Strong Fracture Hypothesis: For any non-field UFD $R$, for all $i∈\mathbb{N}^+$ necessarily $V_i$ is not a group under addition. Equivalently, $V_1$ is not a group under addition.

What would otherwise be the very "strongest" FH (that $V_0$ is also never an additive group) is false, since taking any field $F$ and letting $R=F[x]$, we have $V_0$ is the subset of constant polynomials, which are seen to be a group under addition.

SFH: Assume $R$ violates the SFH with $V_i$ an additive group.

Proposition: The image of $\mathbb{Z} \setminus \{0\}$ in $R$ is within $V_0$, i.e. $z∈\mathbb{Z} \setminus \{0\}$ is a unit in $R$ if it is nonzero.
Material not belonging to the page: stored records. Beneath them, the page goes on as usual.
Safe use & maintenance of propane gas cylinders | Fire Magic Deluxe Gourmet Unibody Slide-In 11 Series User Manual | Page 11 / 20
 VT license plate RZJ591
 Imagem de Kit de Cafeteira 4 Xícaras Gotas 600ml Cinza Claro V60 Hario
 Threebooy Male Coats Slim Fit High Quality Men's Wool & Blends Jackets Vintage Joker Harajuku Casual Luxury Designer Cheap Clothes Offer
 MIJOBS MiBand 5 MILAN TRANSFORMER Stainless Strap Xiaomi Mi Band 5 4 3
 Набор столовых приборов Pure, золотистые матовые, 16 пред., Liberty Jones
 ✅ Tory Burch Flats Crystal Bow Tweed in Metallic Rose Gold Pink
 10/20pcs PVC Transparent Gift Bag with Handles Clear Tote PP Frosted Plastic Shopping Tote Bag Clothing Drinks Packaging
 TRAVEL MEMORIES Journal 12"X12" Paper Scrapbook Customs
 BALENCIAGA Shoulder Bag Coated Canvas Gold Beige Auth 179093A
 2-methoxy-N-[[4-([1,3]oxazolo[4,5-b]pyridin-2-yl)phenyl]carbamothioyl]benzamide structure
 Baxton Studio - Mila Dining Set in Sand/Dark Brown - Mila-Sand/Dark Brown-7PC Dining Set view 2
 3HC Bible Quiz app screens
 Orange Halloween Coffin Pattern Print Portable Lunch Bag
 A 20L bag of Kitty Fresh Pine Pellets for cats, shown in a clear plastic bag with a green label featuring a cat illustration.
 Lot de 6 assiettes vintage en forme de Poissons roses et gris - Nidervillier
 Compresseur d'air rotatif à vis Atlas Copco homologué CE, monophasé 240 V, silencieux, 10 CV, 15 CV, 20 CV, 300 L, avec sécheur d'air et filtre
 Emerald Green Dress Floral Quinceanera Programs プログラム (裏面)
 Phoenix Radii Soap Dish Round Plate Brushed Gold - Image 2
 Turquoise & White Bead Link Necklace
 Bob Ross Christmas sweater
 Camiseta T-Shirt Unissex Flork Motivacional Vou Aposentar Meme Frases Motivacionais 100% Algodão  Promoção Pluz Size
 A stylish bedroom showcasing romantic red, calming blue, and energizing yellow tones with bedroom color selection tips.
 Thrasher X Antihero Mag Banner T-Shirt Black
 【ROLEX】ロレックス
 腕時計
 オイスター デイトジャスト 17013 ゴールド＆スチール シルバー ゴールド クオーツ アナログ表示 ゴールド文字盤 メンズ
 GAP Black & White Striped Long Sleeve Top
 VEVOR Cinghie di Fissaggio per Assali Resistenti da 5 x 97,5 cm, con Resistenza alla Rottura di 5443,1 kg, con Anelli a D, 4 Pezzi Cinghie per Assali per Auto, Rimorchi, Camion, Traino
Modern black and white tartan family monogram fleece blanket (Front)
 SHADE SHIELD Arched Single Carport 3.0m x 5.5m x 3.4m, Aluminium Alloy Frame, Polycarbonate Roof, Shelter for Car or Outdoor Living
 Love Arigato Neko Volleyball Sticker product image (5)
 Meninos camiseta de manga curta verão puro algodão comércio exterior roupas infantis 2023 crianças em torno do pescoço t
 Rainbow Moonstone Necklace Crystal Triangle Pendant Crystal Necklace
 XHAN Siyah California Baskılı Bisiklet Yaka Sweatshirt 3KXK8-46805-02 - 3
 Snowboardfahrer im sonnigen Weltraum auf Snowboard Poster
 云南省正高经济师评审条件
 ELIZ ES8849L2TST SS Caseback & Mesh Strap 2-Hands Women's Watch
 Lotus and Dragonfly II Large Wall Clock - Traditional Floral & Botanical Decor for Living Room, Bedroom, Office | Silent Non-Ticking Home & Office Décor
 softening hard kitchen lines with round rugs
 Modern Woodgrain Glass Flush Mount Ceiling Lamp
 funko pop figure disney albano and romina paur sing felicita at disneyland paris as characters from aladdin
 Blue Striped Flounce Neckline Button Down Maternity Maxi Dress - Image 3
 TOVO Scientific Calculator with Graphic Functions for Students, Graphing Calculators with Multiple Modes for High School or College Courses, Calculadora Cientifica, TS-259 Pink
Proof: For $x∈V_i$, we have $x+...+x \text{(z times)} = zx∈V_i$, so that $z$ doesn't append to the prime factorization of $x$, so is a unit. Since also $(-1)^2=1$, we have $-1$ is a unit as well, and now all nonzero integers are seen to be units.

Proposition: $V_0,V_1,...,V_{i-1}$ are additive groups. Proof: Assume $V_0$ is not a group so that $u_1-u_2$ is divisible by a prime. Now for some prime $p$ we have $u_1p^i-u_2p^i=(u_1-u_2)p^i∉V_i$. Now assume $V_1$ is not a group so that $p_1-p_2∉V_1$. Observe $p_1^i-p_2p_1^{i-1}=(p_1-p_2)p_1^{i-1}∉V_i$. The case follows similarly for $V_k$ for any $k≤i$.

Prime Infinitude: There are an infinite number of distinct primes of $R$. Proof: Assume $P$ is a complete, finite list of primes in $R$. Observe $x=(\prod_{p∈P} p) - 1$. Assume $x$ is a unit, in which case $x+1=\prod_{p∈P} p$ is also a unit, a contradiction. So for some $q∈P$ we have $q$ divides $x$ and by construction $q$ divides $\prod_{p∈P}$ so $q$ divides $-1$, another contradiction.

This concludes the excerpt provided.